YOUR TASK = Each line from the top of the listing down to and including the line with "A lot of it" must be duplicated exactly; pictures are to be skipped.

MATERIAL PROVIDED =

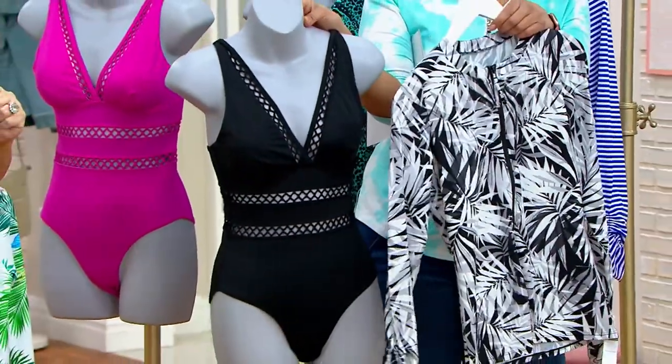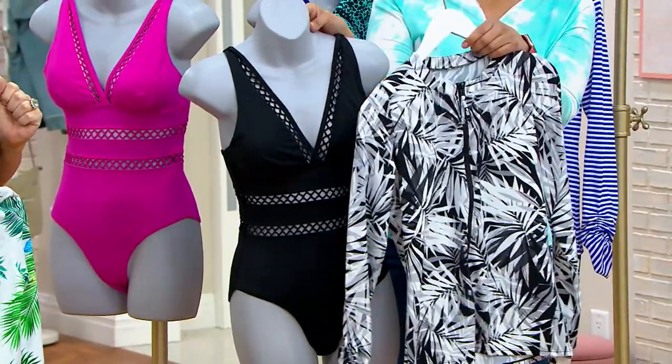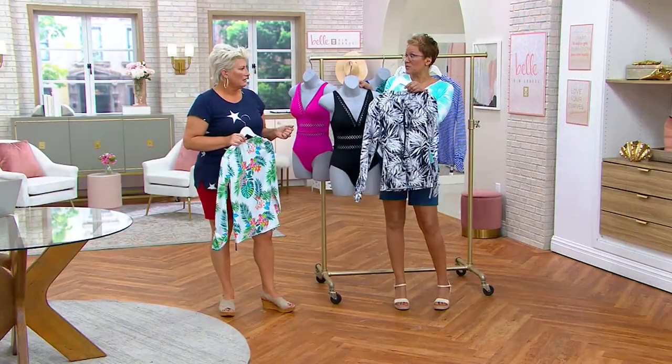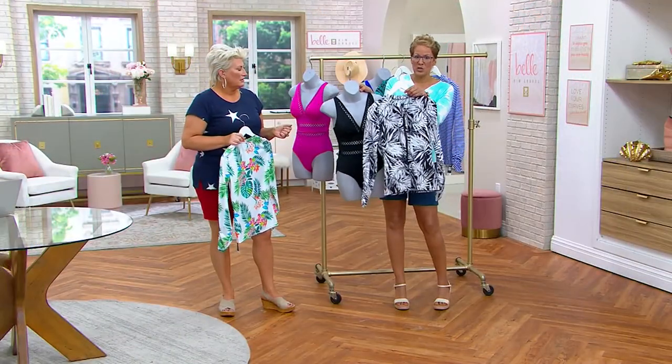The swimsuit is $19 and change on that easy pay. $15 for the cardi. So you've got about 35 bucks and you've got this outfit coming home on an easy pay, plus or minus a dollar or two.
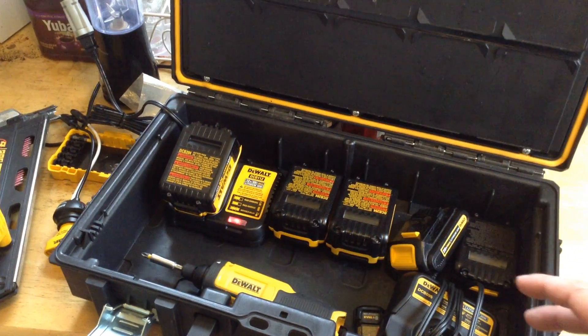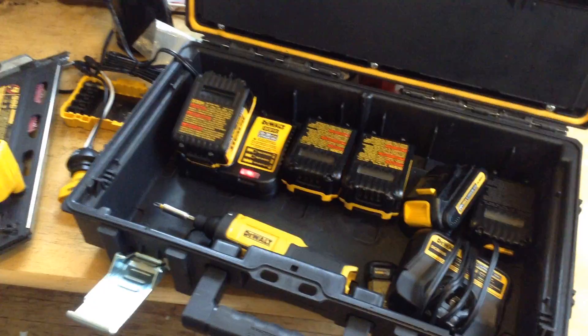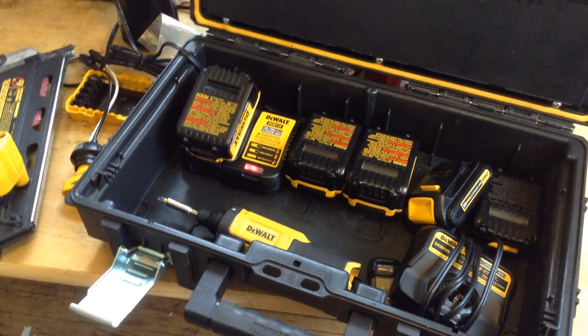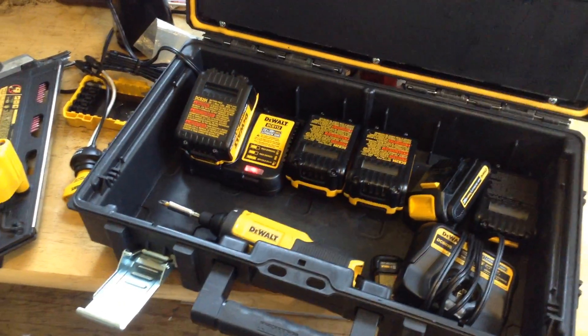A lot of it has to do with the fact that the batteries are microprocessor-controlled. They communicate with each other, so there's firmware in the batteries and chargers that has to be compatible, even though a lot of the batteries are actually made by Panasonic Corporation.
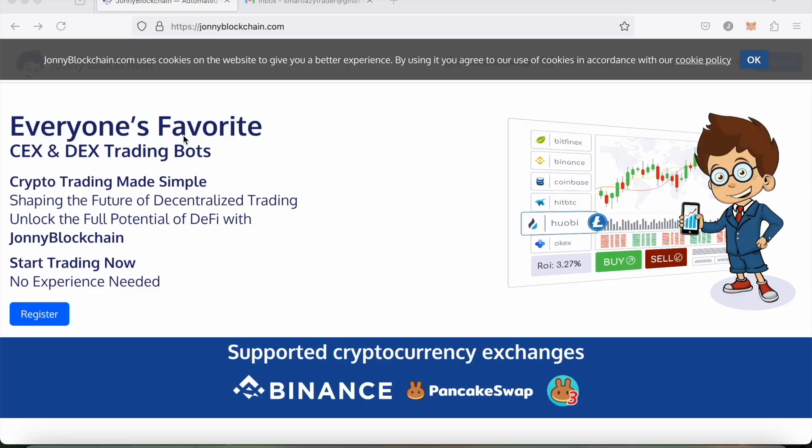I've always been asked: how do you actually set up a trading robot? Is it difficult, does it take a long time, and how much money do you need to get it set up? In this video we're going to address those questions. The first thing we're going to do is go over to johnnyblockchain.com.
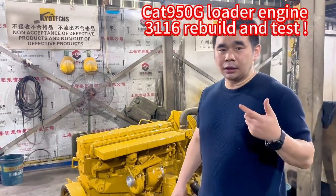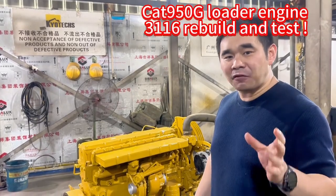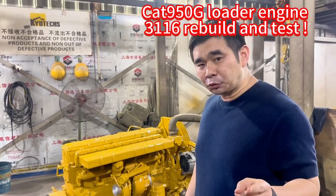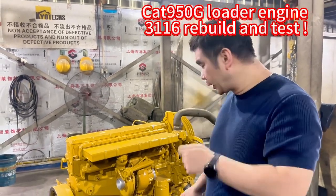This 3116 is a Cat 950G. We cut this one, we review it, and later we try the engine to see if it's okay or not.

SOLVED PROBLEM =
The swimsuit is $19 and change on that easy pay. $15 for the cardi. So you've got about 35 bucks and you've got this outfit coming home on an easy pay, plus or minus a dollar or two.
A lot of it has to do with the fact that the batteries are microprocessor-controlled. They communicate with each other, so there's firmware in the batteries and chargers that has to be compatible, even though a lot of the batteries are actually made by Panasonic Corporation.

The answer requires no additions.